# Cycling over Golden Gate both ways



## AndreyT (Dec 1, 2011)

I have never tried to ride a bicycle over Golden Gate bridge and I want to try it over the weekend. However, every guide on the Net dedicated to this matter says "ride to Sausalito, take the ferry back". Why the ferrry? What if I don't want to take the ferry? What if I want to ride over the bridge both ways? Is it somehow prohibited? Is the path on the bicycle side of the bridge one-way or two-ways?


----------



## sasquatch16 (Feb 7, 2013)

I was there last year and rode both ways. I think most tourists that rent bikes probably do not want to ride any further than one way. The climb back from Sausalito is pretty steep for someone that does not ride much. Saw a lot of people walking.


----------



## AlphaDogCycling (Sep 18, 2011)

Just realize that the way back you will have to avoid clueless tourists taking selfies with their kids.
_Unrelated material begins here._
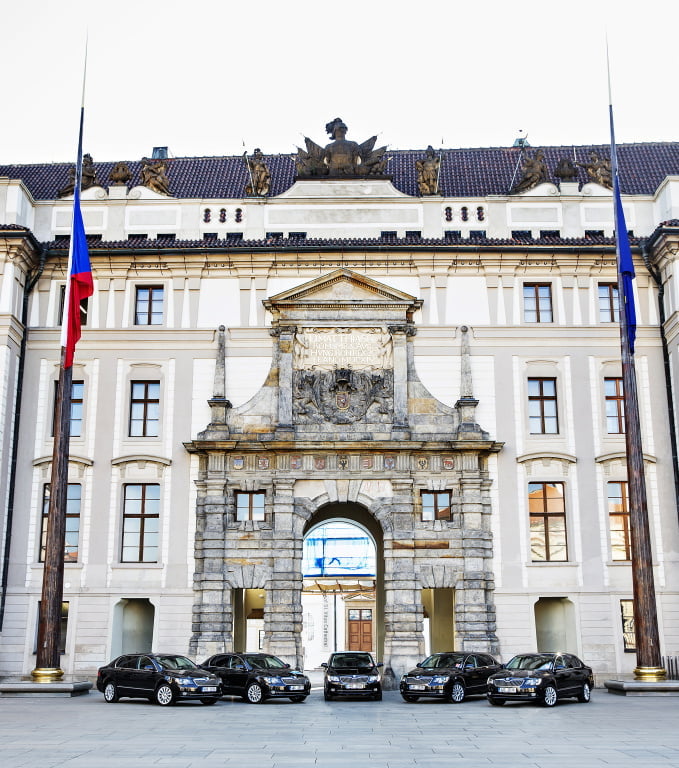 Předání pěti vozů Škoda Superb, které se uskutečnilo 6. června na Pražském hradě.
I do the out and back on the bridge almost every Saturday. Just be vigilant, and you'll be fine 


Sent from my iPhone using Tapatalk


----------



## AndreyT (Dec 1, 2011)

Thank you for the replies. I rode it both ways this Sunday. 
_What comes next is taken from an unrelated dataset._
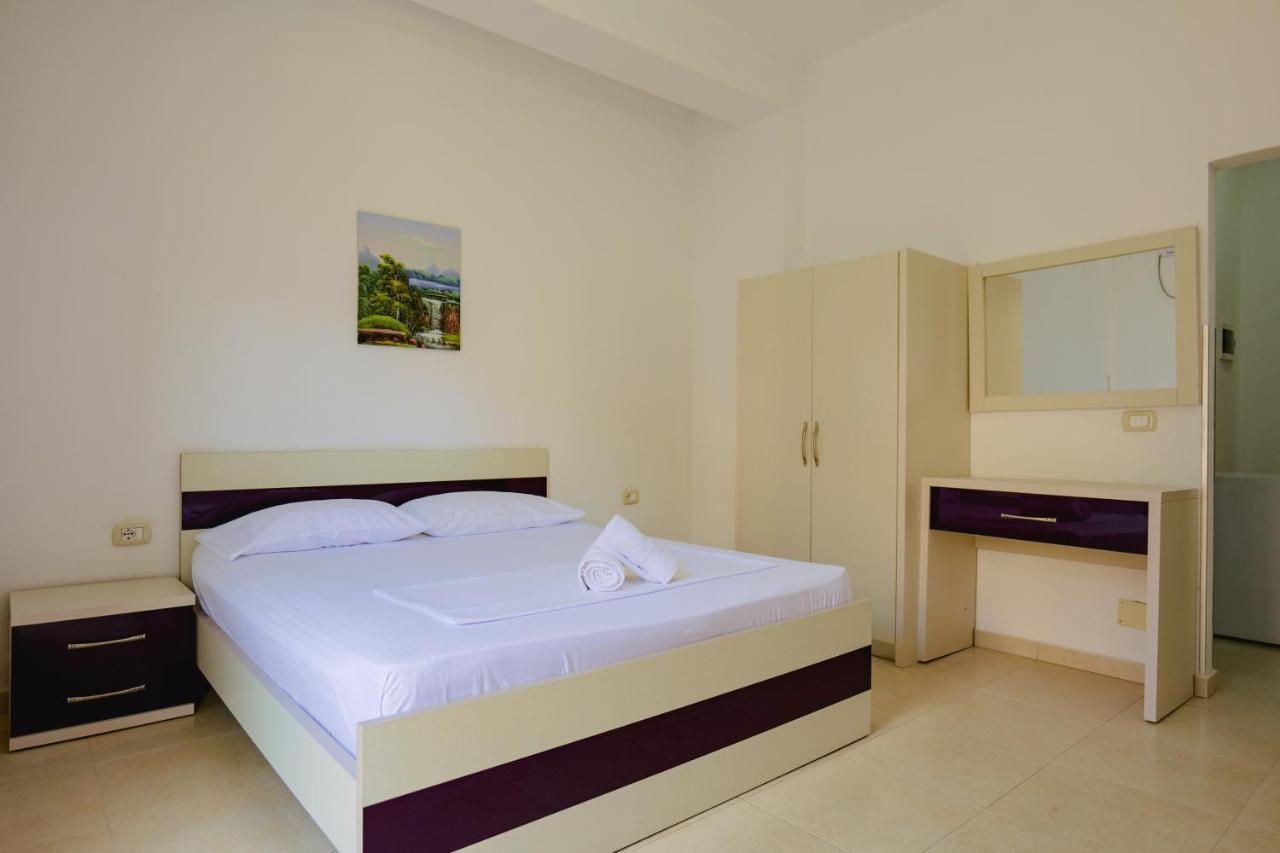 Hotel Argjiro Sarande Exterior photo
On my way back (around 1PM) at the north end of the bridge I passed by what appeared to be a fairly serious accident scene involving a cyclist. The person was laying on the ground tended to by an emergency crew. A bicycle laying nearby (which I presumed belonged to that cyclist) was a "serious" road bicycle, not a rental. Have no idea what happened, since there appeared to be no other bicycles involved into the accident.


----------



## singlespeed.org (Feb 14, 2006)

I do regularly ride both ways. Glad it worked out for you.

I reduce the amount I ride it in summers and on holidays. The crowds get a little too much for me. I am more likely to ride it during week and try to time my crossings for the afternoons when the west deck opens up (on weekdays before 3:30 pm, bikes hare the east deck with pedestrians). Seems less crowded that way.

There was a stat put out by the bridge district about bike accidents on the bridge a while back that showed that most of them are not rental bikes, but what I would call enthusiasts. Speed is a major difference - the rentals are going slower and looking at the sights (and not necessarily the road) - the slower speed means if they do have a fall, it isn't as painful. Enthusiasts may be paying more attention and be better skilled, but when they do go down for whatever reason (inattentive tourist, slippery metal deck, etc.) it is at a faster speed so more damaging.


----------